A very simple and hacky java client for launching a SPICE remote-viewer process having secure access to a virtual machine running on Proxmox. Long story short: Use this and you will be able to double-click on your desktop after which a window with a SPICE connection to a VM running on your Proxmox server will magically appear.
Proxmox uses tickets that expire, so when you download a .vv file on the web interface and happily connect to a VM using remote-viewer opening that .vv file, you will be terrified tomorrow when the .vv is not working any more. So I built proxmox-client that gets a new ticket for you and fires up remote-viewer for you.
The client authenticates with Proxmox through its API and gets valid SPICE credentials including the said ticket. It then launches a remote-viewer process to access a given machine through these credentials. Fully supports Proxmox' proxy, no server side hacks required.
Tested on Linux and Windows. Requires Java 8 or higher.
proxmox-client.jar -h host -p port -u username -s password -r realm (e.g. pam) -c path/to/remote-viewer.exe -n node-name -v vm-id
- host: Fully qualified domain name of host (also successfully tested with stuff like pve.lan and /etc/hosts set up accordingly)
- port: Typically 8006
- username: Your user you use to connect to Proxmox via its web interface
- password: That user's password. "s" for secret ;-)
- realm: Usually pam or pve, see https://pve.proxmox.com/wiki/User_Management#pveum_authentication_realms
- path to remote-viewer: On Linux, simply use remote-viewer. On Windows, an example would be "C:\Program Files\VirtViewer v6.0-256\bin\remote-viewer.exe"

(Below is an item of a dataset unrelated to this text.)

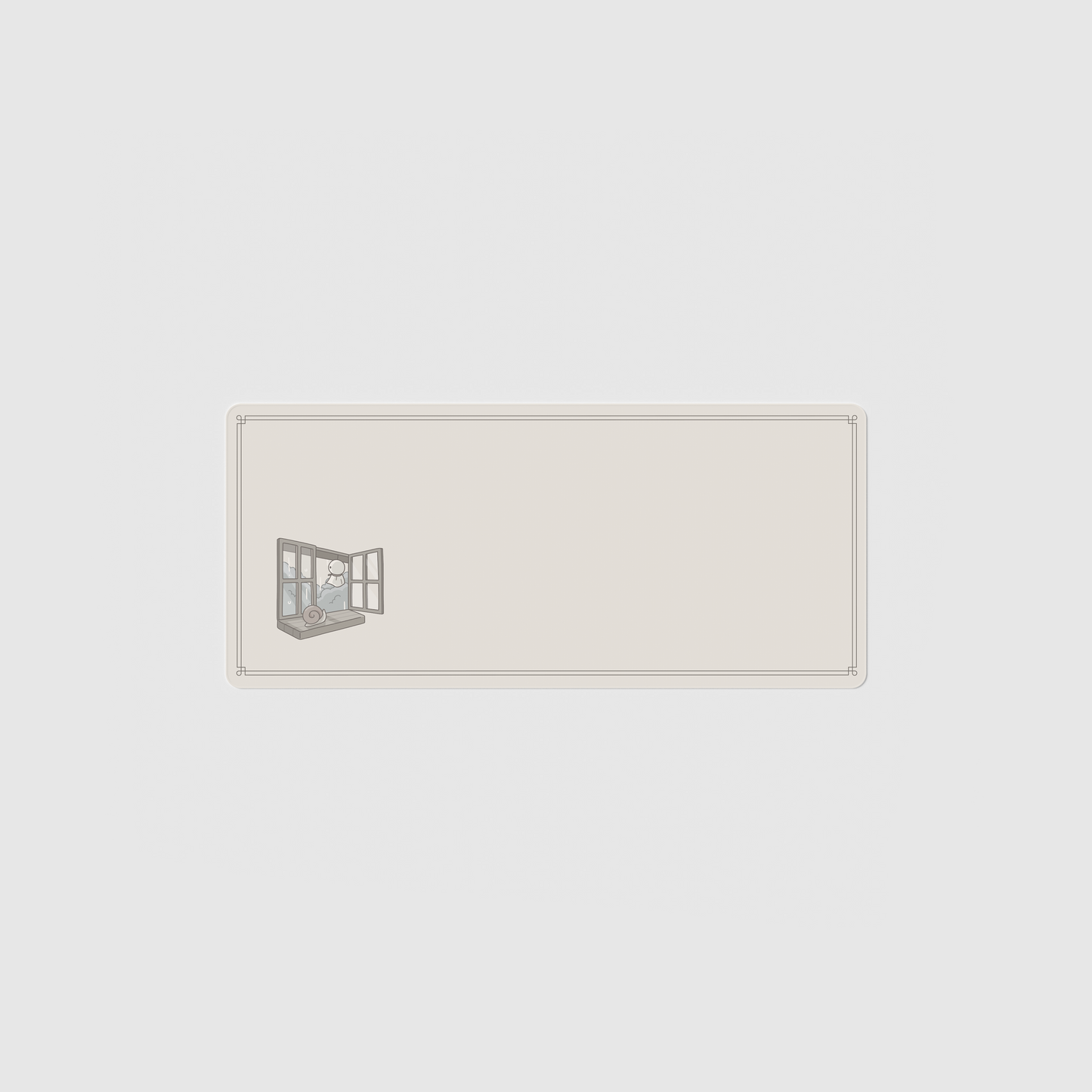 the 70x30cm standard edition rainy day desk mat with edge-stitched trim.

- node name: The name of the node the VM is currently running on. If you migrate VMs a lot, proxmox-client might be too simple for you (fork it as you wish)

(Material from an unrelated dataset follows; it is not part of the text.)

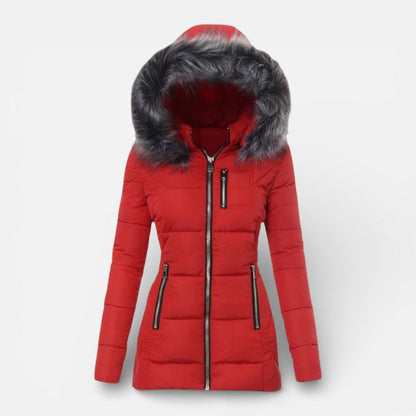 Women's Quilted Hooded Jacket with Faux Fur Trim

- vm id: The ID of the VM you want to connect to, e.g. 100
If you're a sane person, you don't wanna expose your root password by putting it into some desktop shortcut. Create a pam or pve user and give it a random password and the minimum privileges needed to use the VM. Then use those credentials for proxmox-client.

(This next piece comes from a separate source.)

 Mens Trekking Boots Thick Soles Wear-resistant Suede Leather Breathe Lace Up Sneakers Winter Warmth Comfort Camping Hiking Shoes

I promised you a double-click solution. Take this .jar and place it somewhere convenient. Then (on Windows) drag-and-drop it on your desktop while holding the Alt-key. It will create a shortcut. Right-click that and under "command" fill in the arguments described above right behind the path to the jar. Merry christmas!
I spent 2 hours building this script using stack-overflow-driven programming. In other words: it's a hack. If you like to fork it and submit a pull request doing things better, your kindness will bring light and warmth to my heart.